First, the repository itself is renamed. It was LLaMA-Factory; it is now LlamaFactory. Update any internal docs, CI scripts, or install references accordingly.

Second, Python 3.9 and 3.10 are deprecated. The framework now requires Python 3.11 to 3.13. If your training environment pins an older interpreter, you need to upgrade it before this release is usable.

Third, the project migrates from pip to uv. The new install command is uv pip install llamafactory. Swap this into your Dockerfiles and environment setup scripts now.

What is new on the technique side

The headline addition is Orthogonal Fine-Tuning (OFT), a parameter-efficient method that joins the existing adapter toolkit. Alongside it, Semantic Initialization for newly added tokens arrives, which should matter to anyone extending a model's vocabulary for domain-specific tasks.

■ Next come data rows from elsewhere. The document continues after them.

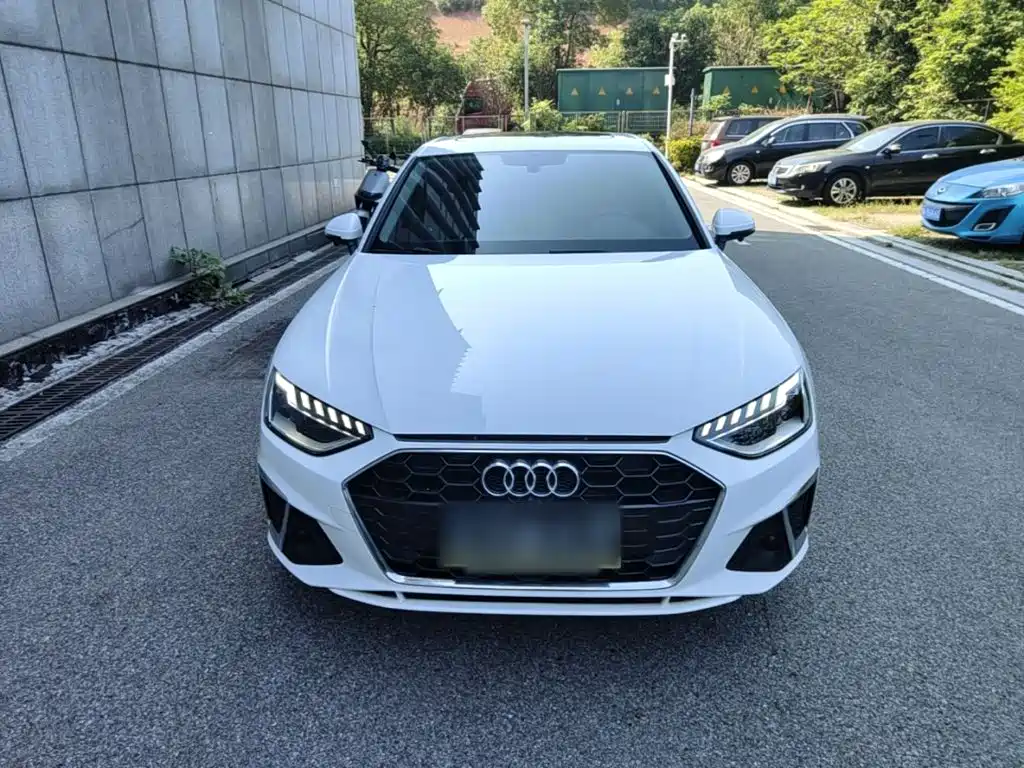 Audi A4 2021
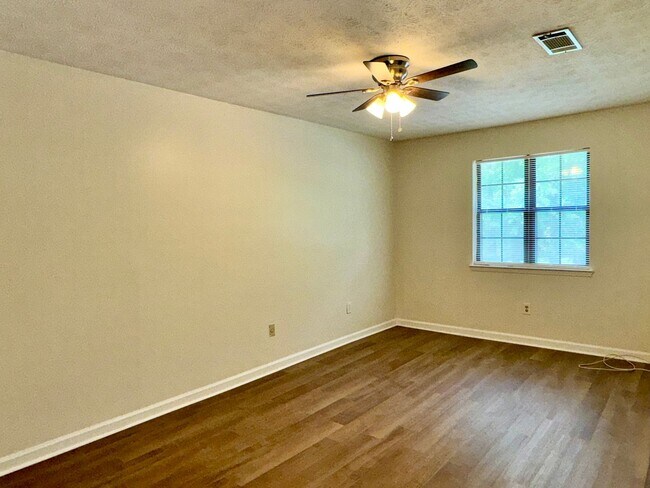 Foto del edificio - 5870 Sheldon Ct
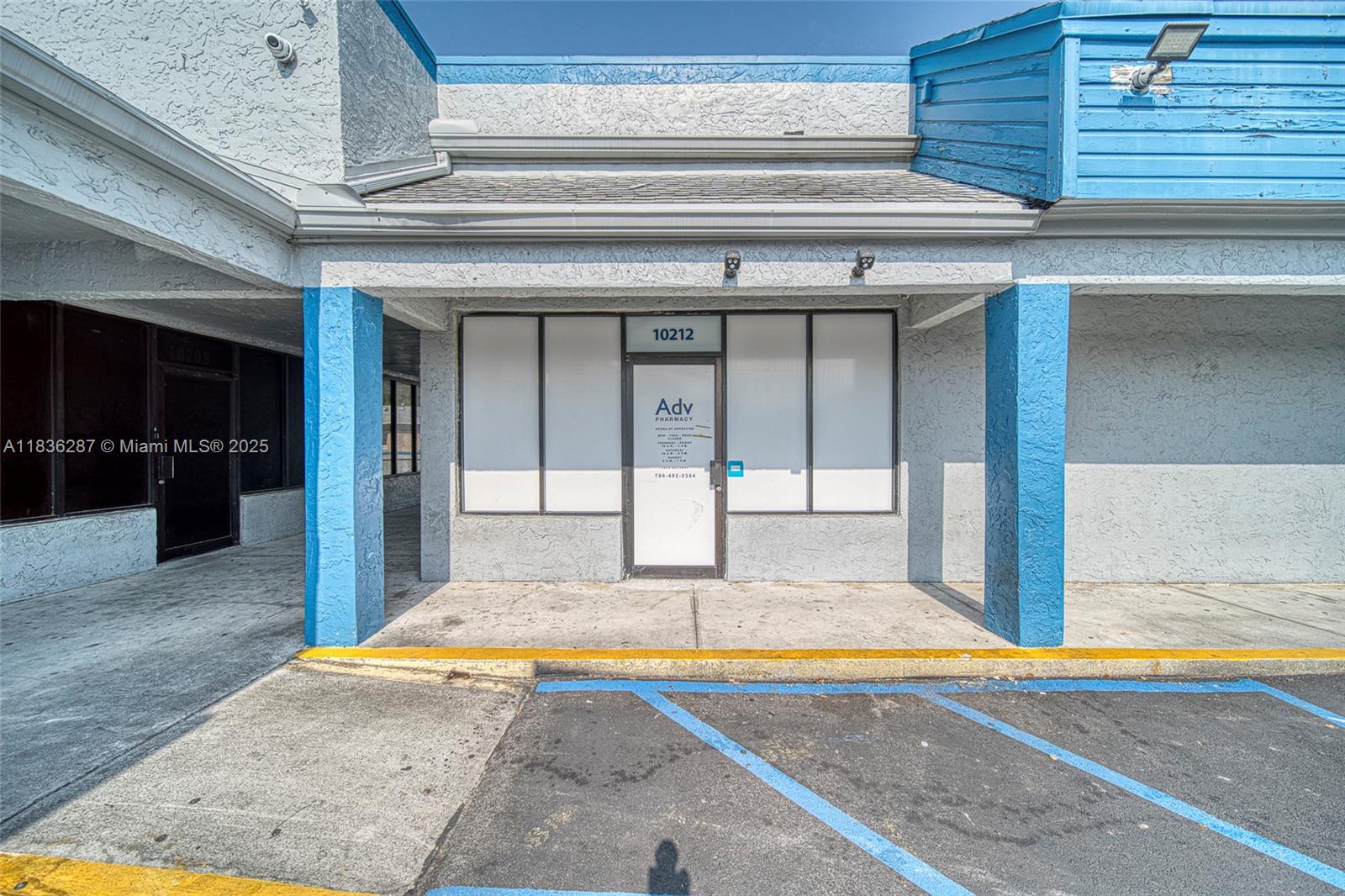 LEASING SPACE AVAILABLE!
This beautifully maintained 900 sq. ft. unit is located in the prime area of West Perrine. Previously used as a clinic, the layout is ideal for medical, office, or professional use. The unit features a functional floor plan, running water, and a private green area in the back.Don’t miss this great opportunity. Call us anytime, we pick up!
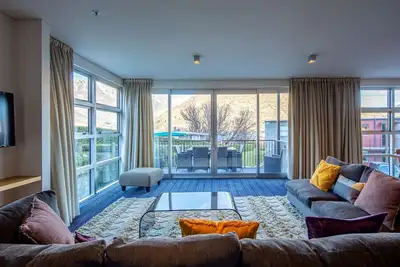 Image de Lakeside 3br Apt: Modern Amenities, Private Stay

For teams training at scale, Megatron-LM support lands via MCoreAdapter, and DeepSpeed AutoTP is also now supported. Both target distributed training setups where you need more than a single node.

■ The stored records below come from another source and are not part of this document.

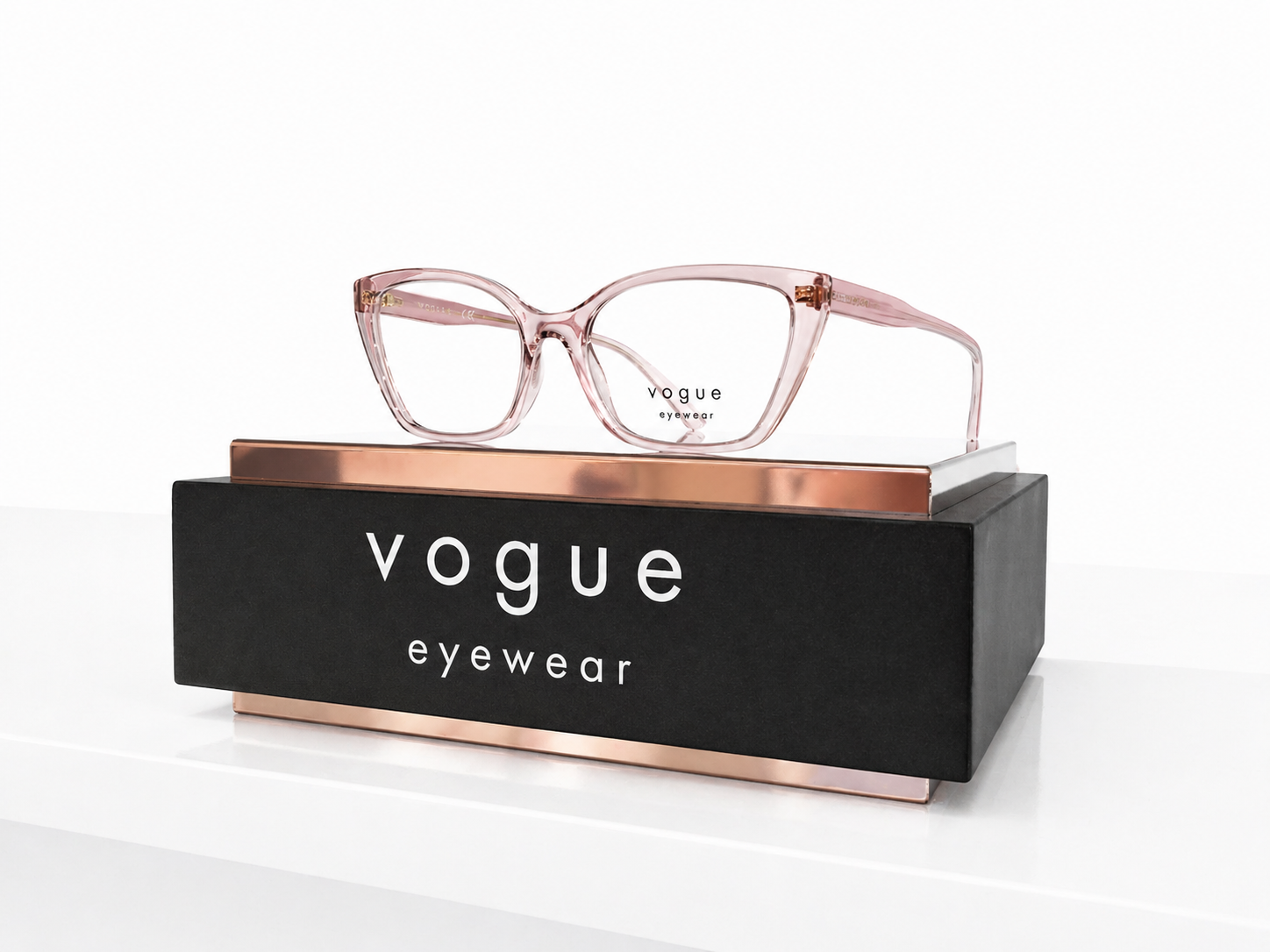 Vogue Model 04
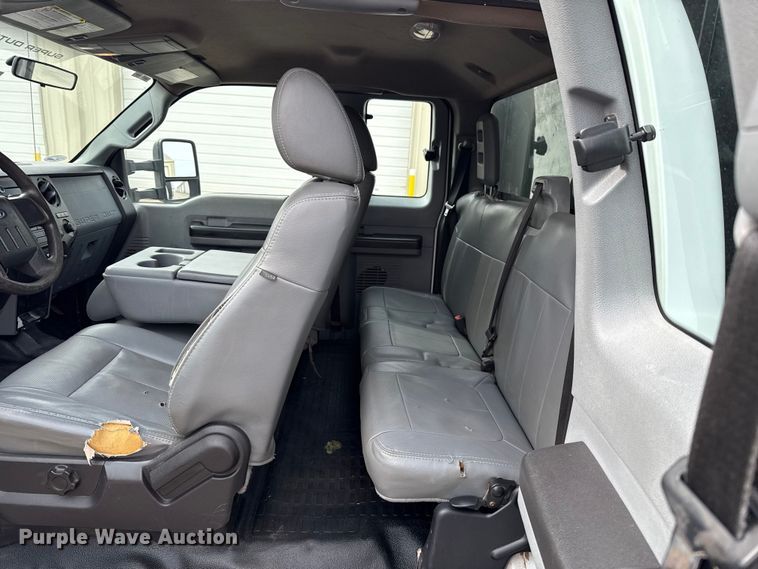 image for item ES5713 2012 Ford F350 Super Duty XL dump bed pickup truck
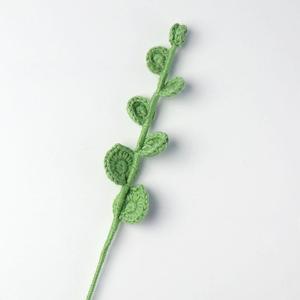 Nouvel arrivage de branches de feuilles d'eucalyptus au crochet à 7 têtes vertes créatives vente en gros de plantes tricotées en laine ornement quotidien pour cadeaux - Product Image 4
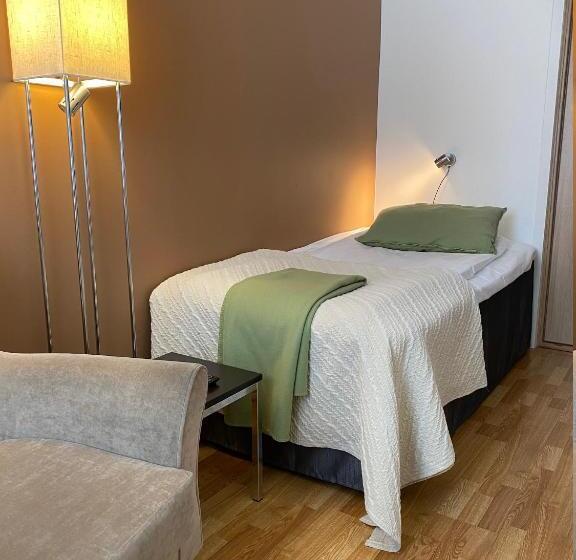 اتاق استاندارد یک نفره, Strand City Hotell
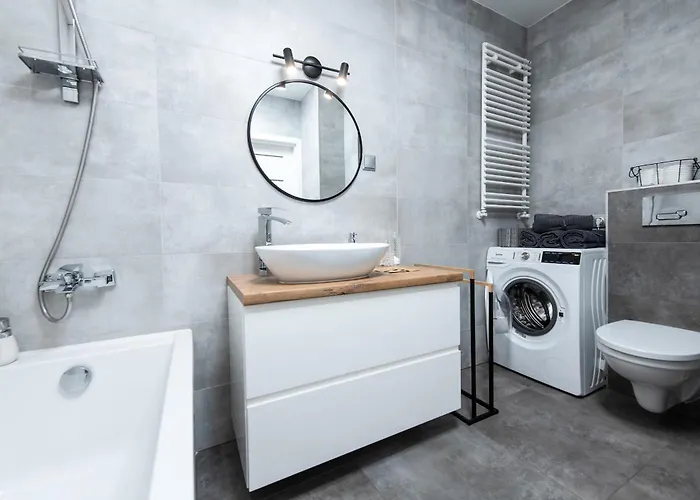 Karpia - 50m2, Parking, Balcony - By Rentujemy Appartement *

FP8 training is now supported, opening the door to lower-precision training runs on hardware that can handle it.

The KTransformers backend is now available as an inference option, contributed by the KTransformers team.

The framework also picks up support for Transformers v5, TRL 0.24, the MPO algorithm, efficient NPU fused kernels, and reasoning and plaintext in function call messages.

Model coverage expands broadly

This release adds integrations for a large number of models, including Falcon H1, Kimi-VL, GLM-4.5V, Gemma3n, Granite4, Qwen3-2507, MiniCPM-V 4.0, Qwen3-VL, Qwen3-Omni, ERNIE-4.5-Text, ERNIE-4.5-VL, InternVL-3.5, MiniMax-M1, MiniMax-M2, and others. If your team has been waiting for any of these to land in a fine-tuning framework, they are here.

The project also launches an official blog at blog.llamafactory.net, which is worth bookmarking for release notes and technique writeups going forward.

What to do today

Audit your environment before upgrading. Pin Python 3.11 or higher, replace your pip install commands with uv pip install llamafactory, and update any CI references to the old repository name. If you are running vocabulary-extended models, test Semantic Initialization on a small experiment first. If you are training on NPUs or planning a distributed run, the new kernel and Megatron-LM support are worth evaluating on your next job.